Sarah Palin is taking a really boring family trip to various East Coast U.S. landmarks. Or maybe her “One Nation” tour is part of her 2012 Presidential run, creating opportunities for her to say things in locations that make her look really patriotic. She won’t say which it is, but she just keeps turning up in places and people keep asking questions and her tour bus keeps rolling on.
Much like Donald Trump, Sarah Palin is great at generating press attention. The ongoing “will she or won’t she run” question is sure to lure the media until a decision is finally announced. But ultimately will this be a successful tour? Or just another thing Palin did that got a lot of attention during a slow news period?
“Palin continues to say that she’s waiting to make up her mind on running for president, but her aides have indicated that a favorable response to the bus tour would push her closer toward a campaign,” writes Politico. And she has said that her campaign would be “unconventional.”
But with no clear goal established — what would be a favorable response, especially since she’s keeping the media at arms length? — it’s hard to tell what the measure for success will be.
When she’s got the media’s attention, she gives her answers to questions about issues like the economy and energy a test drive. But, of course, these answers aren’t really substantive, sticking with some variation of “cut spending” and “America is the best.”
The Christian Science Monitor also rightfully points out in a story called “Sarah Palin bus tour: What’s the point?” that the tour gives her the chance to tightly manage media coverage. So far, only Fox has gotten an interview with her. Meanwhile, the other potential or declared candidates are all over the news saying all sorts of who knows what. Rep. Michele Bachmann The Washington Post says, “comes across as serious and focused on her mission.
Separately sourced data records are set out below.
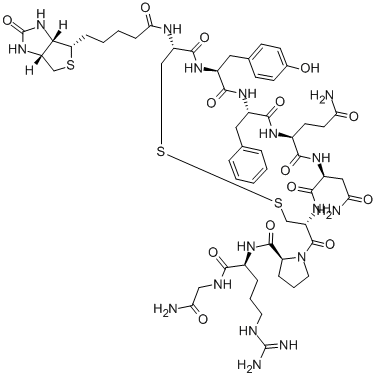 CAS#: 126703-17-1， [3aS-(3aalpha,4beta,6aalpha)]-1-(3-Mercaptopropanoic Acid)-7-[4-[[5-(Hexahydro-2-Oxo-1H-Thieno[3,4-d]Imidazol-4-Yl)-1-Oxopentyl]Amino]-L-Proline]-8-L-Arginine-Vasopressin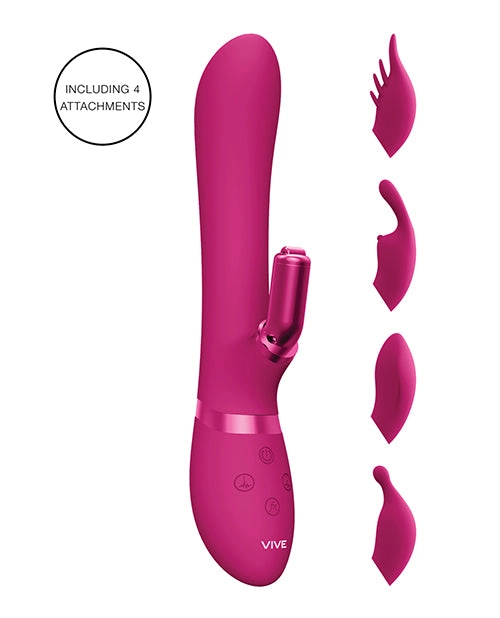 Shots Vive Chou G-spot Rabbit W/interchangeable Clitoral Attachments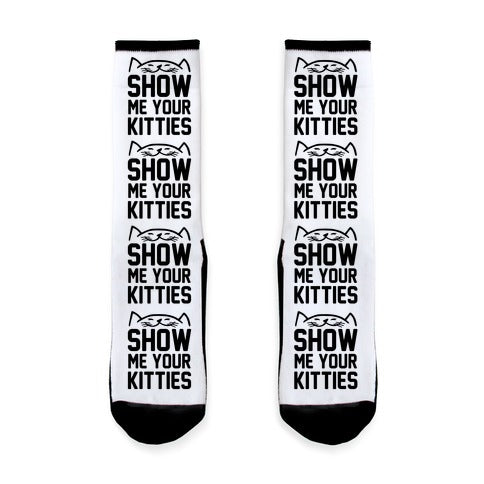 Show Me Your Kitties Socks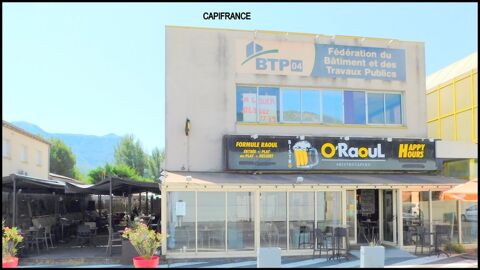   A VENDRE DIGNE-LES BAINS 04 - Zone commerciale Saint-Christophe _ BAR BRASSERIE avec  TERRASSES 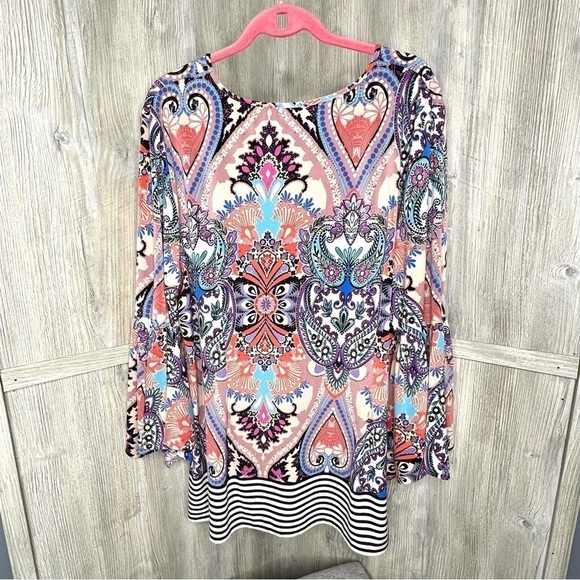 Melissa Paige Multi Colored Tunic - Picture 4 of 5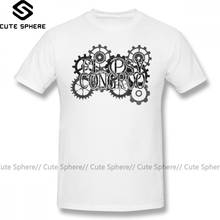 Camiseta de Steins Gate para hombre, camisa de playa con estampado de El Psy Congroo, de talla grande, 100 de algodón, de manga corta 2024 - compra barato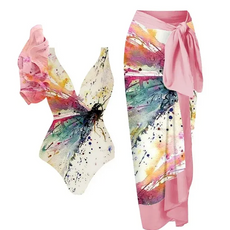 Butterfly Aqua Two piece Beachwear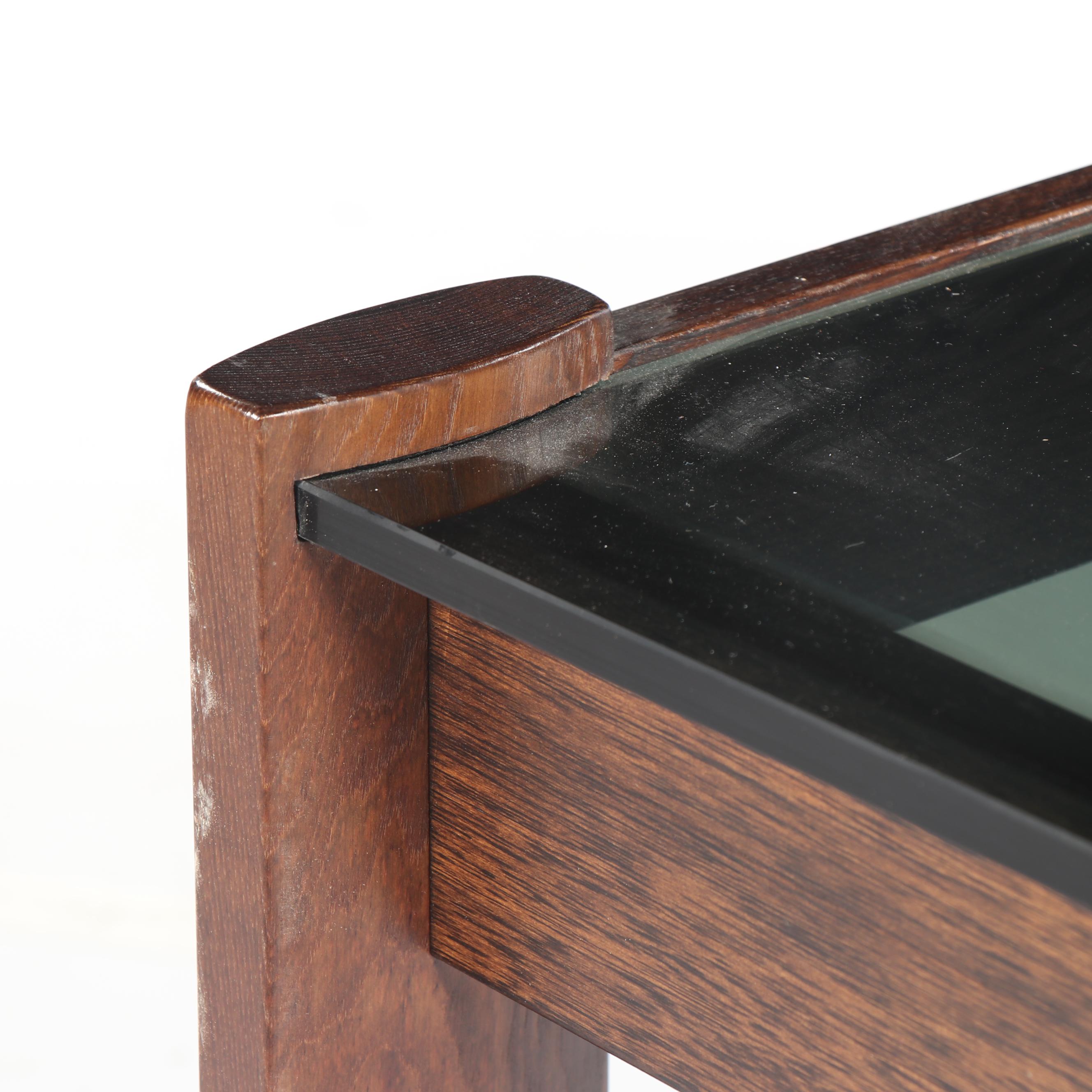 Mid Century Modern Rosewood Lafer Style Side Table, Mid 20th Century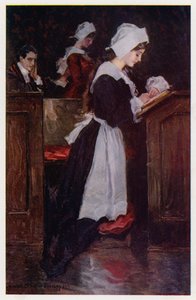Illusztráció az Evangeline-hez, A Tale of Arcadie, Henry Wadsworth Longfellow (színes litó)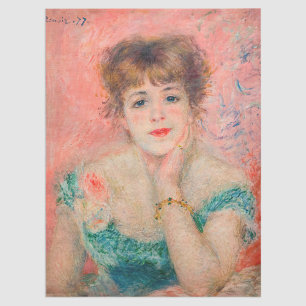 Pierre-Auguste Renoir - Actress Jeanne Samary Tissue Paper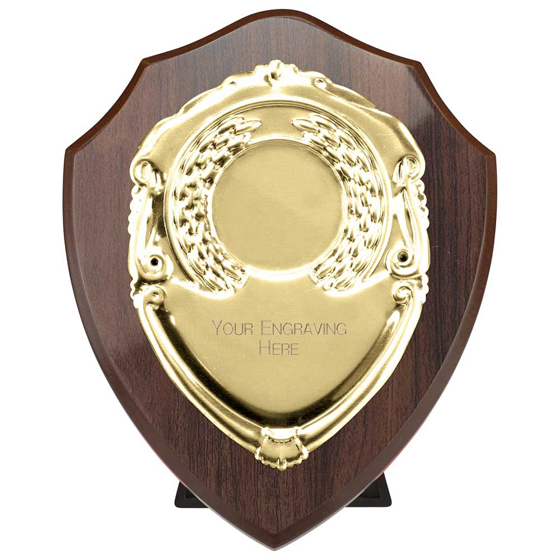 Picture of Reward Shield & Front Cracked Cherry & Gold 100mm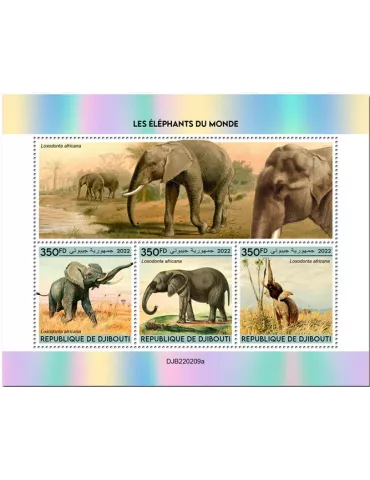 n° 3960/3962 - Timbre DJIBOUTI Poste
That is, running for the GOP nomination for president.”
And that’s really where this sort of publicity game playing can backfire, as it did in the case of Donald Trump.
A different Post story quotes one Republican insider, who says this tour is “a joke.” And another who says she’s not running, but trying to be both “everything and nothing.”
“She just repeats what Republicans already believe, in an emotional and energetic way,” said a GOP strategist Alex Castellanos. “But when she leaves, republican voters are left right where they were standing when she entered the room.”
To that end, a recent Gallup poll found that despite having tremendous name recognition among Republican voters, her approval rating is only at 48 percent. On the other hand Rep. Bachmann (and former Godfather’s Pizza CEO Herman Cain) are generating “the strongest positive reactions.”
Fittingly, there’s word now that Palin will meet with Trump tonight while she’s in New York.